Who: Written and directed by Hlynur Pálmason
What: A White, White Day (part of the Scandinavian Film Festival 2019)
When: 17 July – 7 August (Adelaide), see website for session times.
View an extract from the film.
A White, White Day is the centrepiece of this year’s Scandinavian Film Festival, with lead Ingvar E. Sigurdsson having won Best Actor at Cannes earlier this year, and director Hlynur Pálmason having previously received numerous awards for his debut, Winter Brothers. The film and performances are memorable and poetic; probably deserving of this acclaim. An Icelandic proverb is referenced in the title. The saying suggests that on days so white that sky and earth become indistinct, the dead can communicate with the living. Indeed, in A White, White Day the lines between life and death have been skillfully blurred, as the existence and passing of one woman lingers in memories, spurring volatile emotion and behaviour in the present.
Sigurdsson plays retired policeman Ingimundur with impressive nuance, repressed anger and grief brewing under a hardened exterior to breaking point. He is still struggling to come to terms with the death of his wife, 2 years prior, as well as his retirement from the tiny local police station. He regularly visits the station to check things on his old desk and catch up with his old colleagues over coffee. There’s an underlying sense of frustration Ingimundur has with his present life, most apparent in his mandatory, tedious appointments with a grief counsellor. He derives fleeting moments of joy and a sense of meaning from spending time with his 8-year-old granddaughter (played with beautiful spirit by Ída Mekkín Hlynsdóttir) and from renovating a house on the outskirts of the rural Icelandic town for his daughter’s family. The suspense begins to build when Ingimundur discovers that not long before her death, his wife was having an affair with a local man. His behaviour in trying to pursue and confront this man becomes increasingly violent and unpredictable.

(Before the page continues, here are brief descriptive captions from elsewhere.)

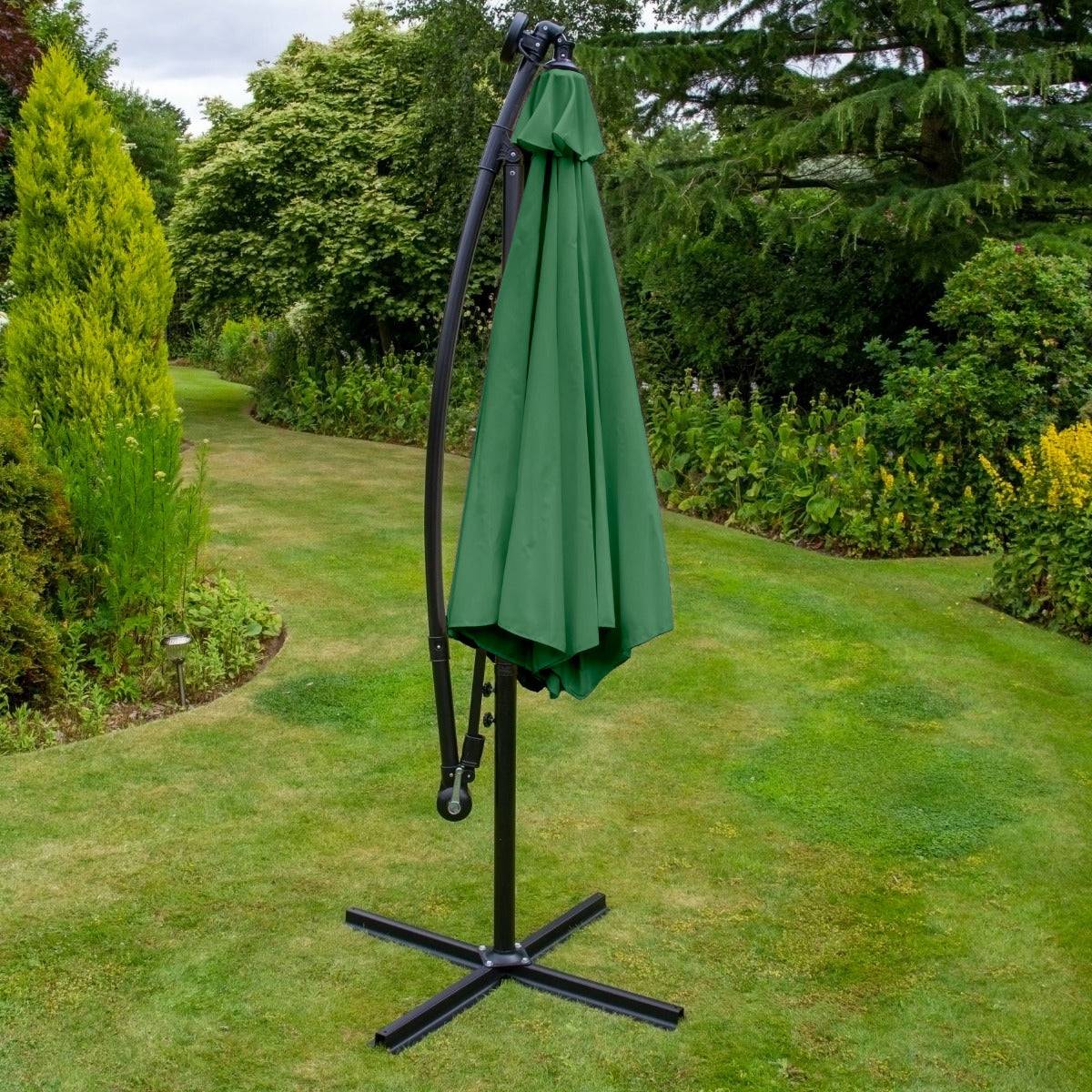 Monstershop - Parasol Vert 3m avec LED's Intégrés - Image 4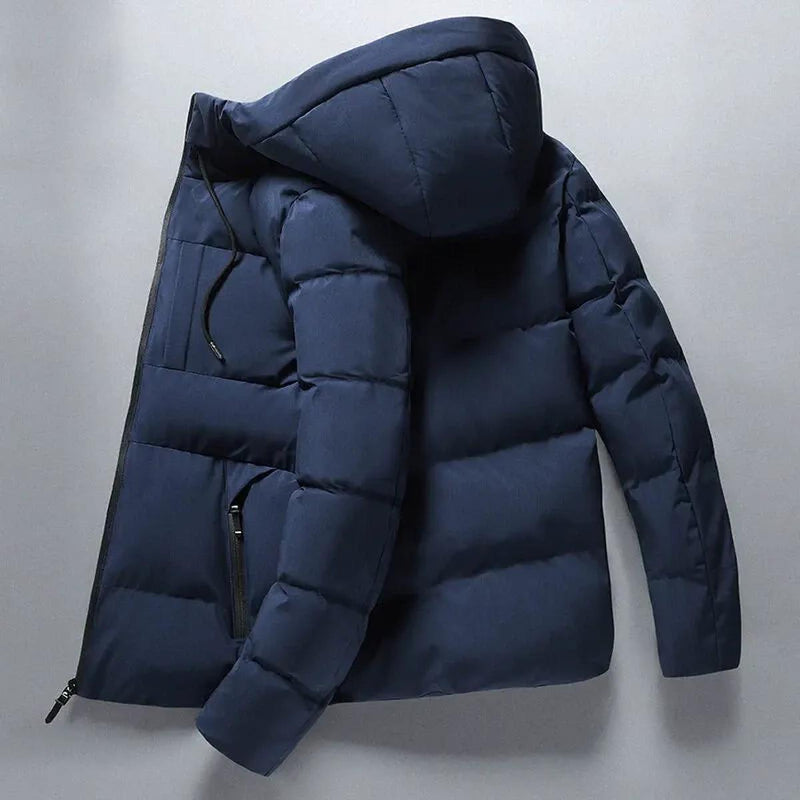 Padded Slim Fit Hooded Jacket for Men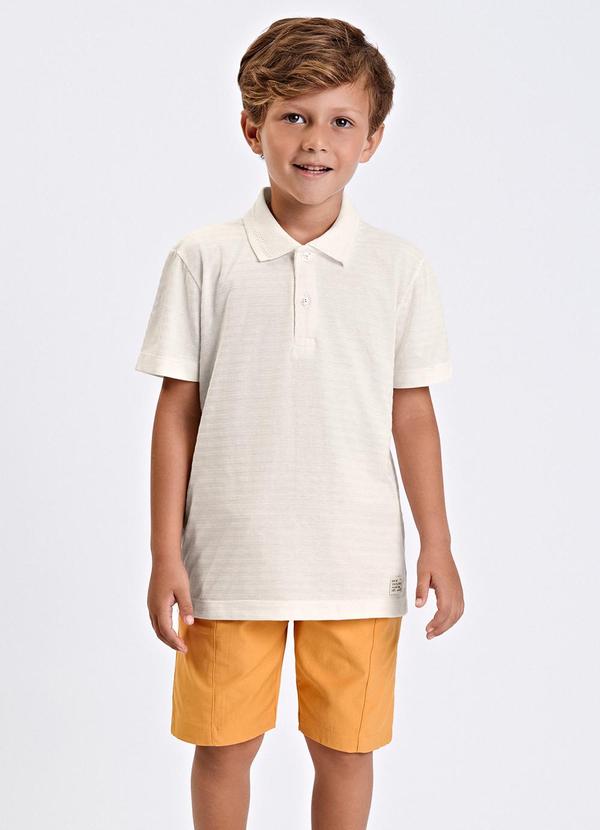 Conjunto Verão Menino Meia Malha Bege
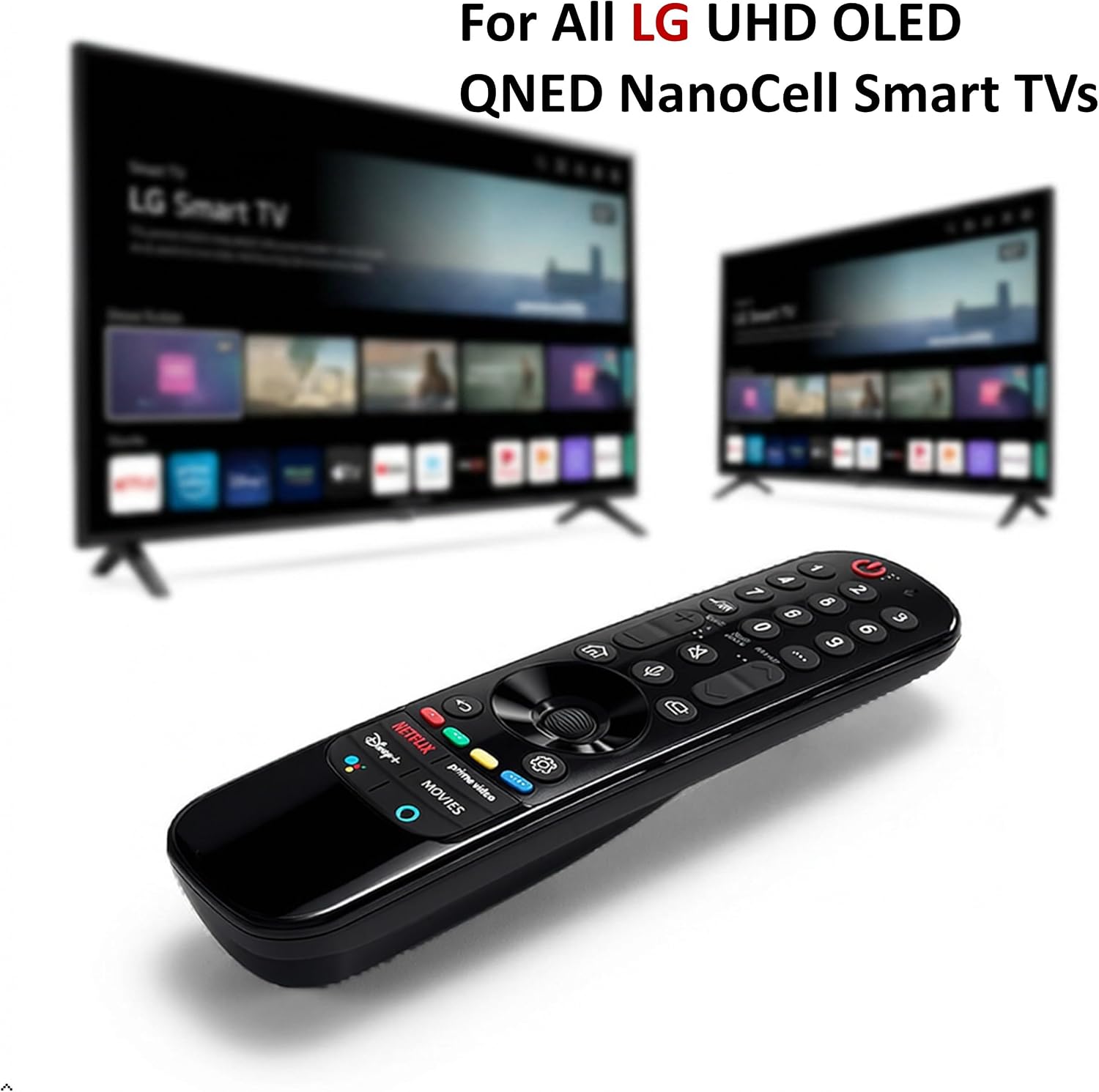 Magic Remote Control for LG Smart TV UHD OLED QNED NanoCell MiniLED 4K 8K TVs, Universal for All LG TV Remote (NO Voice & NO Pointer) image 2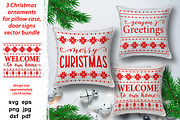 Christmas Ornament Vector Bundle, a Seasonal Illustration by Almadrava (Thumbnail 1 of 5)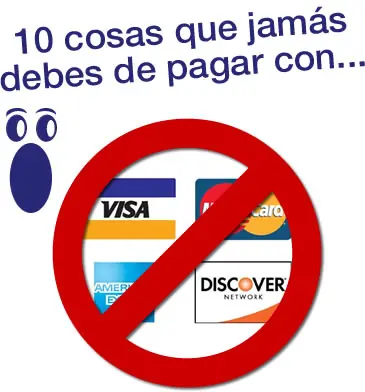10 cosas que no debes pagar con tarjeta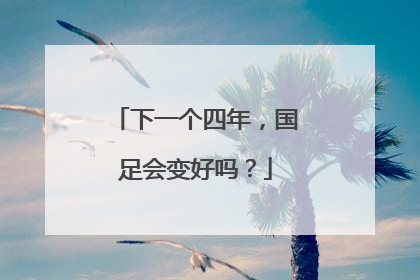 下一个四年，国足会变好吗？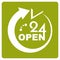 24 Hours Open icon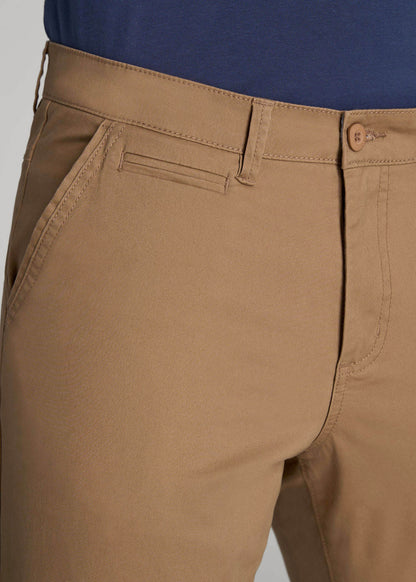 Carman TAPERED Chinos for Tall Men in Russet Brown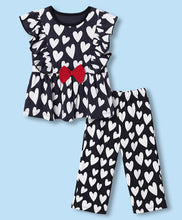 Load image into Gallery viewer, Cotton Hearts Printed Top Pant Co-ord Set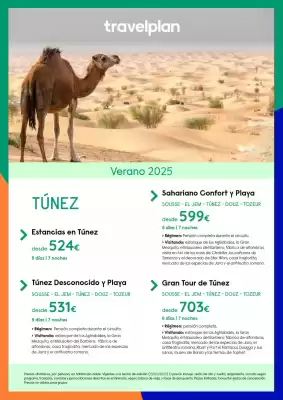 Folleto Travelplan (válido hasta el 31-08)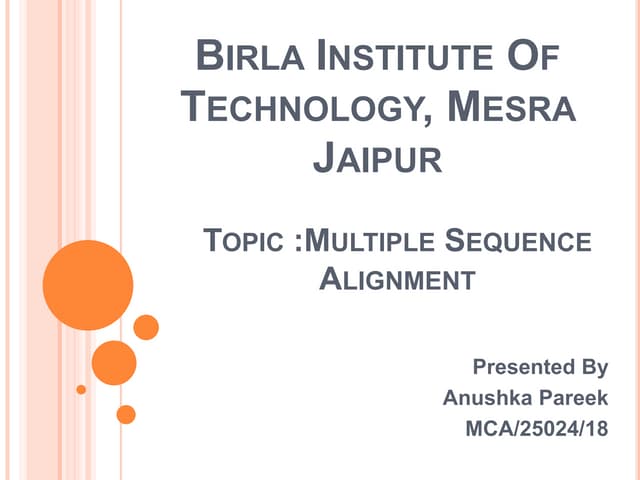 Multiple Sequence Alignment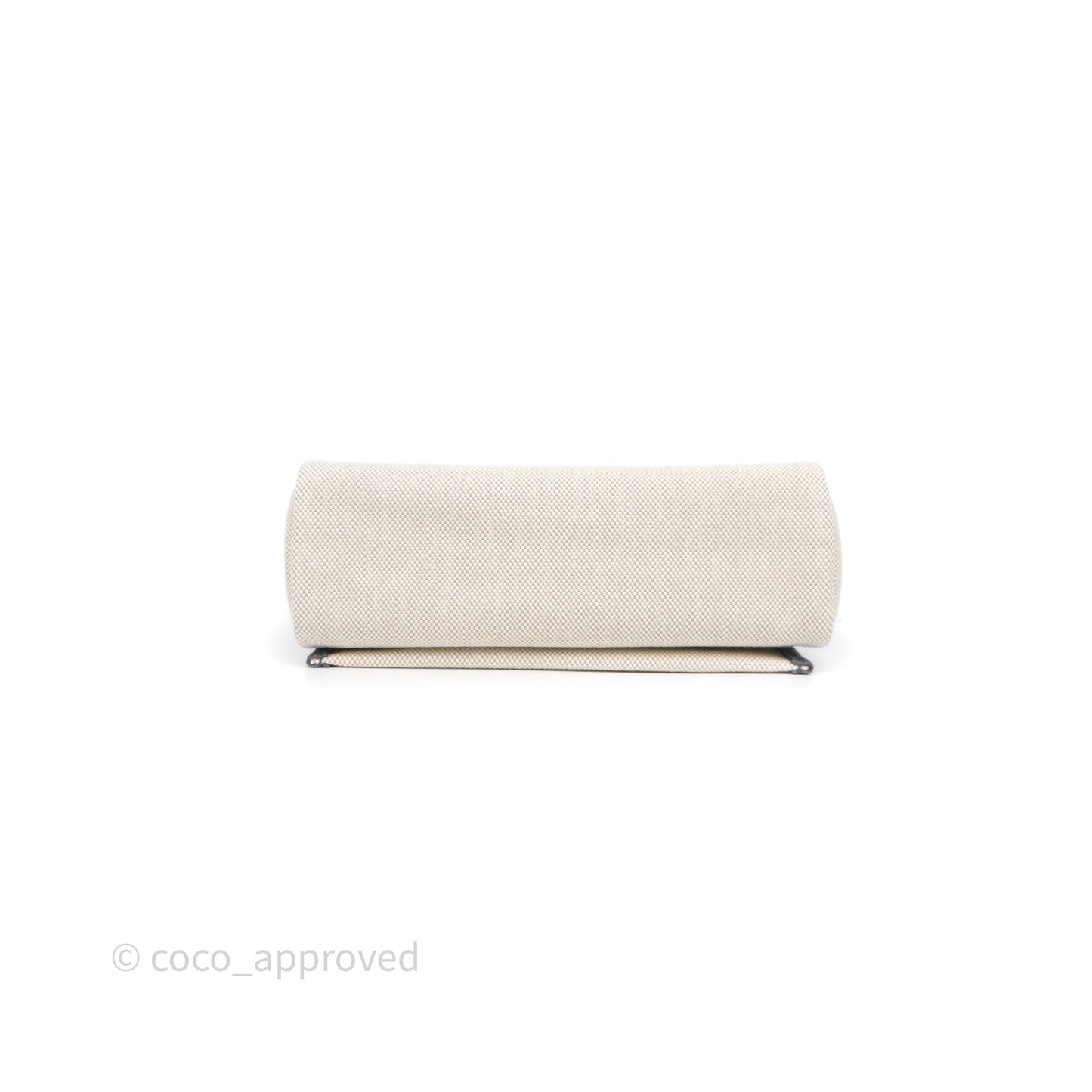 Hermès Zip 20 Mini Herbag Ecru-Bleu Glacier8U/Ardoise85 Canvas Palladium Hardware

The tension and bleakness of the film’s setting and themes are contrasted with cathartic moments of dark humour and absurdity. The focus on the changing light, weather and landscape around the small house, backdropped by mountains and overlooking horse paddocks and a frigid bay, hints at the circle of life and cruelty of time; forever soldiering forwards. Other visual metaphors and play with montage, sound and dark twists on the mundane bring forth the illogical and uncontrollable nature of human emotion, especially when linked to love and death. I found this film refreshingly understated (yet it held my attention consistently) and enjoyed the believability and tenderness of the human emotion and relationships it portrayed.